Il ransomware? Inevitabile. Magari fossero lacrime sul latte versato. La reazione di fronte ad un attacco che blocca sistemi e servizi oramai è desolante, e la raccolta di spunti per il databreach drinking game offre uno spaccato piuttosto inquietante sul senso di irresponsabilità diffuso soprattutto in ambito cyber. A voler commettere peccato si potrebbe dire che tale sentimento è ancor più profondo dove il portafoglio non è il proprio, ovverosia nella PA dove i sistemi sono predicati come “non sicuri”. Ma se chi scrive ritiene di avere già un privé all’inferno, è bene che lasci che siano altri a formulare tali tipologie di congetture dal sapore di ovvietà.
Quel che sorprende è infatti la ricerca di alibi e scusanti, anziché approcci di tipo lesson learned. E anche qui, tutto transita per quel fattore umano spesso tanto predicato ma raramente coltivato. Una corretta cultura della responsabilizzazione non vuole perseguire infatti l’etica della colpa, né crocifissioni in sala mensa o agnelli sacrificali, che anzi lascerebbero intatte le fonti del problema ovverosia quelle vulnerabilità che hanno portato al buon esito dell’attacco ransomware. Ma per comprendere in che modo è possibile distaccarsi dalle malpractices, forse è bene superare molte delle scuse più diffuse che trovano un comune denominatore in un profilo di inevitabilità. Vediamo anche di comprendere quali criticità organizzative comportano.
Ritenere che l’attacco sia avvenuto per un effetto “Samarcanda”, ovverosia con l’irresistibile forza di un destino già scritto, è un tentativo di escapologia legale dalla responsabilità attraverso l’invocazione di caso fortuito o forza maggiore che impedisce l’imputazione dell’evento. Tentativo che però il più delle volte si infrange nella valutazione di contesto e con la misura dell’accaduto con lo stato dell’arte, che rendono l’evento tutt’altro che irresistibile o imprevedibile. Sul piano organizzativo, inoltre, comporta interrompere ogni analisi e trattamento dei rischi: in fondo non si può né tantomeno si deve ragionare per eccezioni. Nella realtà, la vulnerabilità non trattata consentirà però ad una minaccia analoga di realizzarsi. E non per i numi del cielo avversi, ma per un semplice saggio della probabilità di occorrenza che – come ogni logica matematica – tende ad essere piuttosto impietosa.

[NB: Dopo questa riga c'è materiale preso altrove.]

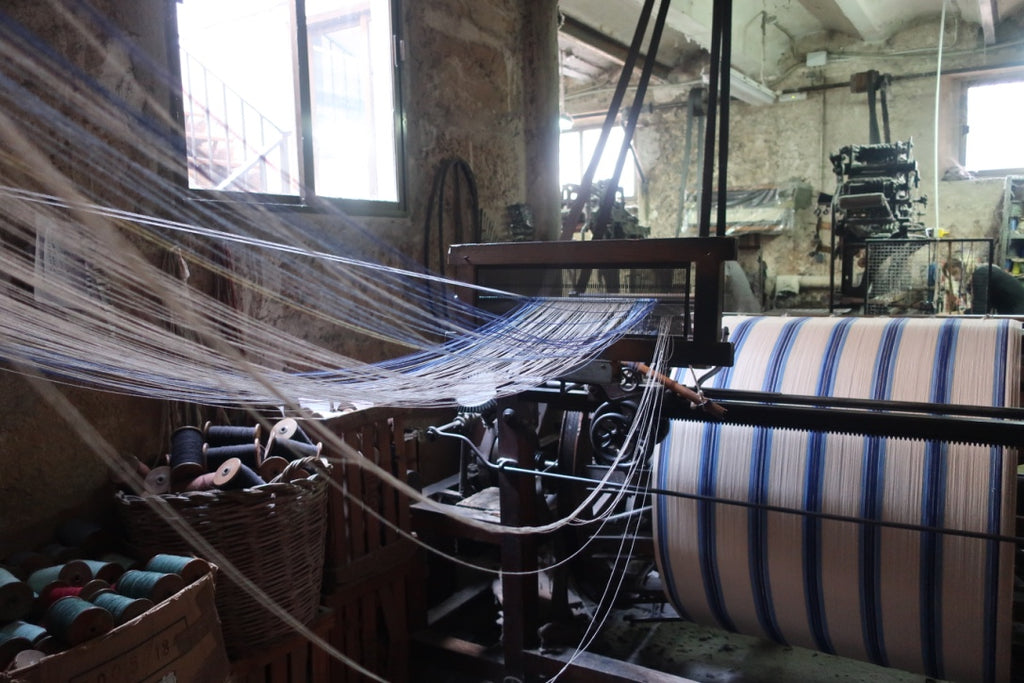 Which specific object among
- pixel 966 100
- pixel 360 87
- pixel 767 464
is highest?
pixel 966 100

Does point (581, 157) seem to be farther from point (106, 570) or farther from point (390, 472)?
point (106, 570)

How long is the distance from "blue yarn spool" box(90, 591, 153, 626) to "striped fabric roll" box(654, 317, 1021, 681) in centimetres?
137

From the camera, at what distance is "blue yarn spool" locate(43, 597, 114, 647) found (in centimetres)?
138

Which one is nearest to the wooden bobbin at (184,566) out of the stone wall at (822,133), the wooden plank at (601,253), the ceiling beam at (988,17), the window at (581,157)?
the wooden plank at (601,253)

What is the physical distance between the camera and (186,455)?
2053 millimetres

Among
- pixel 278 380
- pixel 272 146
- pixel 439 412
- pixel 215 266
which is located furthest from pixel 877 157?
pixel 278 380

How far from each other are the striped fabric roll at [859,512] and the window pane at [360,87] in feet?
6.56

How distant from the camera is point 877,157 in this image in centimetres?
491

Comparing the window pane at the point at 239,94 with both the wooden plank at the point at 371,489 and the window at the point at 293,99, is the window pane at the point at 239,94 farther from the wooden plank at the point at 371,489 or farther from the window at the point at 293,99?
the wooden plank at the point at 371,489

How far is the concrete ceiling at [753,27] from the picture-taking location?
255 inches

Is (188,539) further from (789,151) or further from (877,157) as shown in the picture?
(789,151)

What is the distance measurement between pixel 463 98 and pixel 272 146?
120 centimetres

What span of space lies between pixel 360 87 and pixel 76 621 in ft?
9.19

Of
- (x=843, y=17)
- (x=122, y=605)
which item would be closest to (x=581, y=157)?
(x=843, y=17) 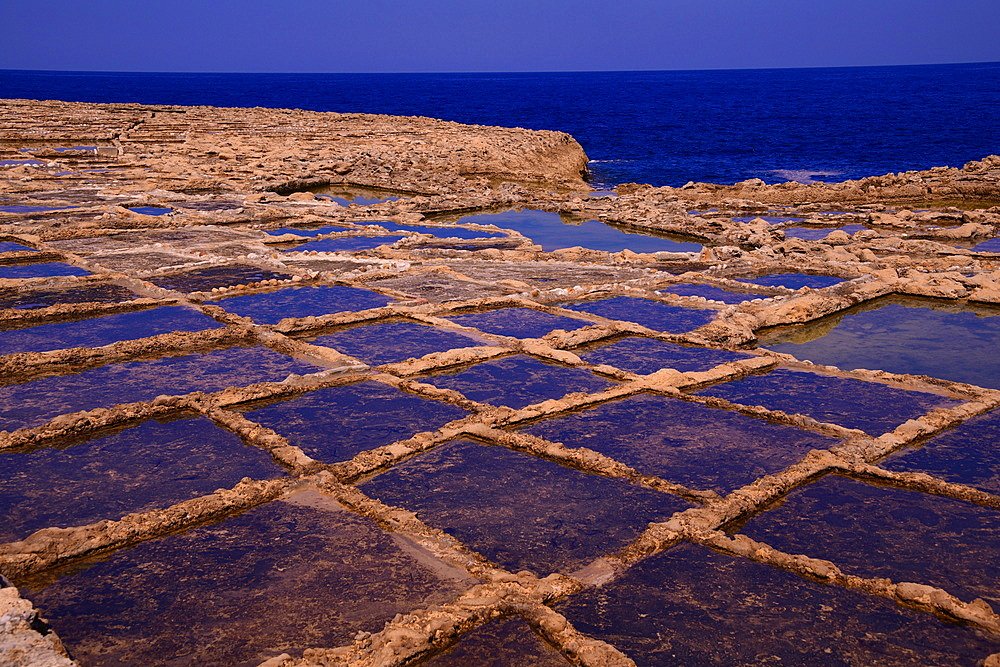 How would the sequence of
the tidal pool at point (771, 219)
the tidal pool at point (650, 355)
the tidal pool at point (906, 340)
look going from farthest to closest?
the tidal pool at point (771, 219) → the tidal pool at point (906, 340) → the tidal pool at point (650, 355)

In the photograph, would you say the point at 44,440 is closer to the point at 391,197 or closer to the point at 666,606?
the point at 666,606

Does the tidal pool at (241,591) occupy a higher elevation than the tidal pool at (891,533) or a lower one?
lower

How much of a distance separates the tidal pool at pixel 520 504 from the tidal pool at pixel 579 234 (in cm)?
495

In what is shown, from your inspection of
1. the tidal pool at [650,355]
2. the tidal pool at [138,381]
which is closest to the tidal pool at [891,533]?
the tidal pool at [650,355]

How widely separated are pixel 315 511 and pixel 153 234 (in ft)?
18.3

Comunicare, poi, è fondamentale per gestire non soltanto la reputazione bensì soprattutto l’incidente. Non a caso nei sistemi di gestione di cybersecurity i profili di comunicazione sono fondamentali sia per l’efficacia che per la tempestività d’azione. Rappresentare un fatto come inevitabile o “di stampo terroristico”, nel migliore dei casi provoca confusione organizzativa. Nel peggiore: panico.